Milo

Milo
Is that a smile I see before me?

Wednesday, July 18, 2007

Baby: blue

Lots of things to tell you. First, you’re a boy. Yes, I know you know you’re a boy but I didn’t until last week’s scan. And oh boy, what a boy: there was no mistaking your, er, ‘equipment’ when the nice lady with the scanner took a look. Your dad was proud.

I imagine you’re reading this and squirming. Don’t worry, love, by the time you read this you should be well used to me embarrassing you. I’ll still be giving you big squashy kisses, ruffling your hair and telling you I love you when you’re 15. Preferably in front of your mates.

So that’s one thing.

You have also been subjected to all sorts of arts events since you’ve been snoozing in my womb. First up was a trip to London: Antony Gormley’s exhibition at the Hayward (life-size bronze casts of the artists dotting the London skyline, immobile, stoic men standing on rooftops and balconies as far as the eye could see), followed by Gyorgy Ligeti and Steve Reich from the London Sinfonietta (Reich’s Sextet being possibly the best piece of live music I have ever seen or heard, though I was so tired at the end of it I cried – the joys of being preggaz).

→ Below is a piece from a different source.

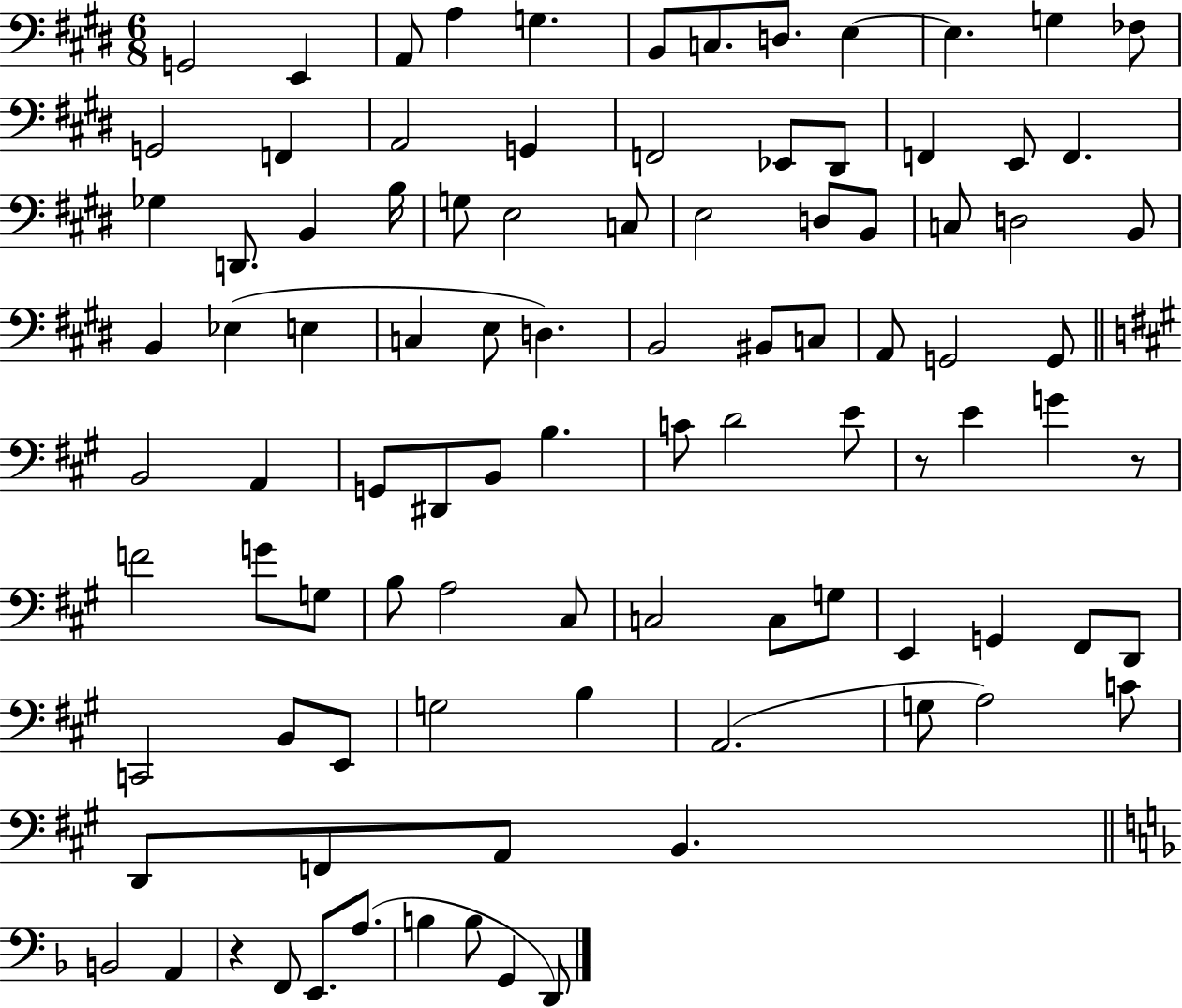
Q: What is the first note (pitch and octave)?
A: G2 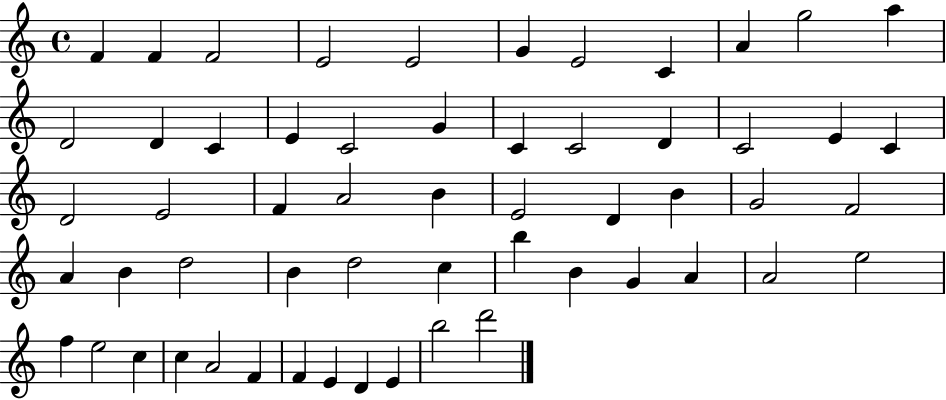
F4/q F4/q F4/h E4/h E4/h G4/q E4/h C4/q A4/q G5/h A5/q D4/h D4/q C4/q E4/q C4/h G4/q C4/q C4/h D4/q C4/h E4/q C4/q D4/h E4/h F4/q A4/h B4/q E4/h D4/q B4/q G4/h F4/h A4/q B4/q D5/h B4/q D5/h C5/q B5/q B4/q G4/q A4/q A4/h E5/h F5/q E5/h C5/q C5/q A4/h F4/q F4/q E4/q D4/q E4/q B5/h D6/h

And then there’s been Monkey: Journey to the West, a circus-opera-musical-acrobatic combo that made me clap my hands in delight; and Ojos de Brujo, a Spanish band who managed to combine flamenco, Brazilian dancers, hip-hop, drum-playing, traditional tunes, hand-clapping and god only knows what else into a triumphant red-blooded Latin musical stew. Ah, baby, you would have loved it – in fact, judging by the flutters in my belly, you did.

So that’s another.

The flipside to this pregnancy lark is just how hormonal you’ve been making me feel. I can handle the fact that I can’t see my feet; that my belly-button is now monstrously stretched out of shape; my boobs hanging down like slightly sore udders; the fact that my arse will never be quite as pert and lovely again. All that is fine. It’s just that the hormones have been making me feel a little bit blue of late: not quite so happy-go-lucky, bouncing-on-my-toes as normal. Work is petering out, too, a consequence of clients calculating a) I’m not quite so on the ball as I was and b) I won’t be around in a few months’ time. The blues and clients: not a great combination.

All this will pass, I know. And all this will be worth it. I know that too.

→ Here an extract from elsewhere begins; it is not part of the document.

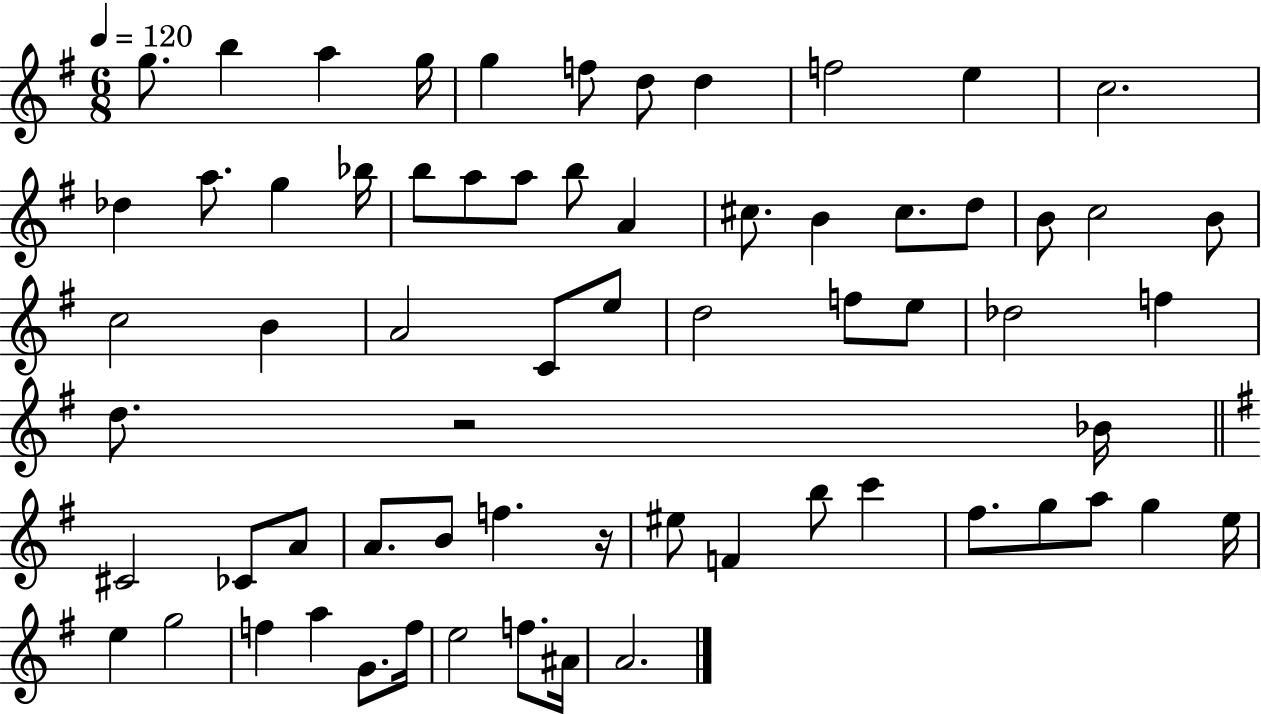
G5/e. B5/q A5/q G5/s G5/q F5/e D5/e D5/q F5/h E5/q C5/h. Db5/q A5/e. G5/q Bb5/s B5/e A5/e A5/e B5/e A4/q C#5/e. B4/q C#5/e. D5/e B4/e C5/h B4/e C5/h B4/q A4/h C4/e E5/e D5/h F5/e E5/e Db5/h F5/q D5/e. R/h Bb4/s C#4/h CES4/e A4/e A4/e. B4/e F5/q. R/s EIS5/e F4/q B5/e C6/q F#5/e. G5/e A5/e G5/q E5/s E5/q G5/h F5/q A5/q G4/e. F5/s E5/h F5/e. A#4/s A4/h. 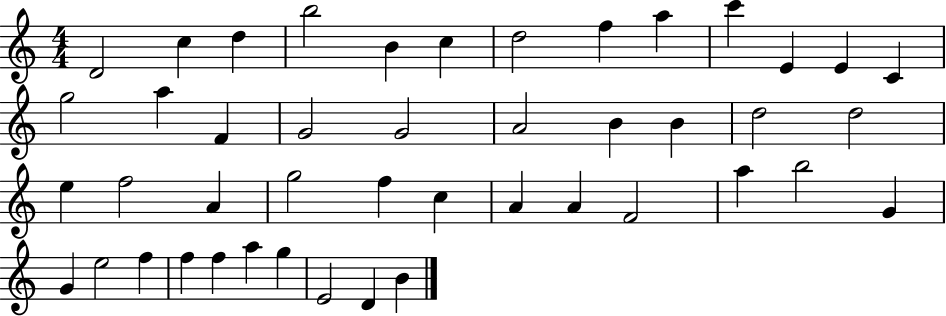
D4/h C5/q D5/q B5/h B4/q C5/q D5/h F5/q A5/q C6/q E4/q E4/q C4/q G5/h A5/q F4/q G4/h G4/h A4/h B4/q B4/q D5/h D5/h E5/q F5/h A4/q G5/h F5/q C5/q A4/q A4/q F4/h A5/q B5/h G4/q G4/q E5/h F5/q F5/q F5/q A5/q G5/q E4/h D4/q B4/q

The upside is that I have absolutely no qualms about stating my mind, telling people off (drunks, ‘youth’ on buses having a crafty fag on the back seat, badly-behaved clients etc.). I’ve become fearless. So start quaking in your amniotic boots, baby: your ma will truck no nonsense from you when you hit your ‘difficult’ teenage years. Even if she does ruffle your hair and tell you she loves you.

1 comment:

Unknown said...

Crikey, she's gone blinking mental.. Shocking.